システム開発部に所属しており、ふだんは魚ポチの開発を担当しています。私は食(魚に偏りかちですが...苦笑)に以前から興味があり、あるとき日本史専攻の友人との雑談をきっかけに、昔の料理を調べるようになりました。今回の連載では、私がこれまで再現してみた古の料理をご紹介しつつ、「世界の食をもっと楽しく」する何かを一緒に探していければと思います!


あんまり普段食べない料理を口にしたい。でも、ググって出てくるのはどこかで見たようなものばかり。そういったとき、「百珍」を見てみるのはいかがでしょうか。
百珍は、江戸時代に出版された料理本です。豆腐百珍や卵百珍など、いくつかのテーマにまとめられたもので知られています。
そんな百珍の一つとして、18世紀後半に刊行された「鯛百珍」という、その名のとおり江戸時代の鯛のレシピをまとめたものがあります。今回は、そのうちの一つを再現してみました。

参考:国立国会図書館デジタルコレクションより


上記のレシピを参考に「鯛の青淵汁」を作ります。「みを」というアプリくずし字データベースを使いつつこれを書き下すと、

鯛の身を少あぶりすり身にして酒にてのべ又宇多芋を能摺合て後たれ味噌にてとき合す仕様常のとろろ汁の如く加薬の類針栗せうが青苔の粉又ハ胡椒の粉右小皿に入てさすへし右乃仕方して少しもなまくさけなし

鯛百珍 著者:器土堂主人

とあります。現代語に直すと

鯛の青淵汁(青のりの入ったとろろ汁)の作り方。鯛の身を少しあぶりすり身にして酒で伸ばし、宇多芋(大和芋のことらしい)を擦り合わせた後にたれ味噌でとく。仕上がりはとろろ汁のようになる。薬味には針栗(針のように細く切った栗)生姜、青海苔の粉または胡椒の粉を小皿に入れて出す。仕上がりは少しも生臭くない。

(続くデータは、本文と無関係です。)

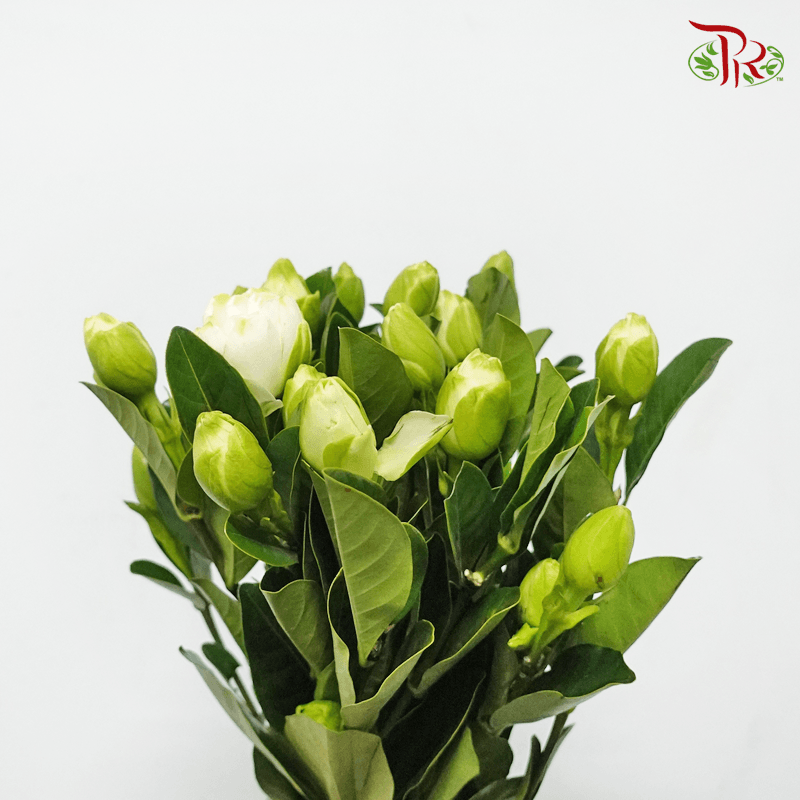 Gardenia - White (Per Bunch)-White-China-prflorist.com.my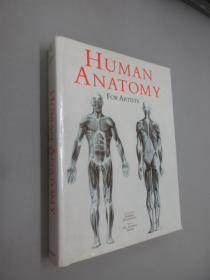 英文书：HUMAN  ANATOMY  FOR  ARTISTS   精装   16开 495页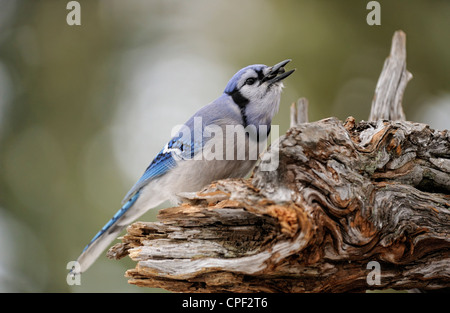 Blue Jay (Cyanocitta cristata) visitando inverno girasole alimentatore, maggiore Sudbury, Ontario, Canada Foto Stock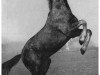stallion Dan Sahib ox (Arabian thoroughbred, 1950, from Amurath Sahib 1932 ox)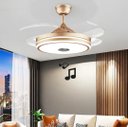 Ver imagem 5 de Ventilador de Teto Retrátil com Som e Bluetooth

とのこと。自分で作って食べましたが味はメチャうま!炙った鯛の香ばしさと脂がもっちりとした大和芋にからみ、青のりのかおりと一緒にスルスルと喉をとおります。白いご飯にもピッタリ。薬味に栗の千切りも用意しないといけなかったのですが、手に入らなかったのがたまに傷(どんな味になったんだろう...)。


こういうレシピをはじめ、百珍には「えっこういうふうに(魚を)食べるの!?」というのがいくつもあります。温故知新ではないですが、数百年前のレシピから現代に十分通じる新商品のアイデアが生まれるかもしれません(鯛百珍レシピをまとめている方もいるので下記からどうぞ。他ページにある時代背景については、深く考えさせられます)。


逆に、現代版の鯛百珍や、サーモン百珍、マグロ百珍、珍魚百珍など、江戸時代のものに代わる新たな百珍を作ってみても面白いと思っています(実際、相模屋食料さんは現代版豆腐百珍を完成させています)。次の500年につながるようなすごい料理が、フーディソンからも生まれるかもしれません。